**Problem details**
Restate the opening lines of the material below word for word, stopping after the line that contains "Yellow Firewall Security".

- - -

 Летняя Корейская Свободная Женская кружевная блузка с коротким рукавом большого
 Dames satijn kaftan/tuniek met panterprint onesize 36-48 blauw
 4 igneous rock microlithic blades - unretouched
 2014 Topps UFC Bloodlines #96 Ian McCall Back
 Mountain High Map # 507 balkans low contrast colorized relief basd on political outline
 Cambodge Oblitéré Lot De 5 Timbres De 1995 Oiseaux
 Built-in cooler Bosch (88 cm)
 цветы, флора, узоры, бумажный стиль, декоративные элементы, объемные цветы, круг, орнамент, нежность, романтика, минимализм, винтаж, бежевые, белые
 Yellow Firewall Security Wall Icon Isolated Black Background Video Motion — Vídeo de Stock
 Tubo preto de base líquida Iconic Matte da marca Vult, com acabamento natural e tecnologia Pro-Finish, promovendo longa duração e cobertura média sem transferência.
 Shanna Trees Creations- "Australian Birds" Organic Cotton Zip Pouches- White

- - -

**Task result**
 Летняя Корейская Свободная Женская кружевная блузка с коротким рукавом большого
 Dames satijn kaftan/tuniek met panterprint onesize 36-48 blauw
 4 igneous rock microlithic blades - unretouched
 2014 Topps UFC Bloodlines #96 Ian McCall Back
 Mountain High Map # 507 balkans low contrast colorized relief basd on political outline
 Cambodge Oblitéré Lot De 5 Timbres De 1995 Oiseaux
 Built-in cooler Bosch (88 cm)
 цветы, флора, узоры, бумажный стиль, декоративные элементы, объемные цветы, круг, орнамент, нежность, романтика, минимализм, винтаж, бежевые, белые
 Yellow Firewall Security Wall Icon Isolated Black Background Video Motion — Vídeo de Stock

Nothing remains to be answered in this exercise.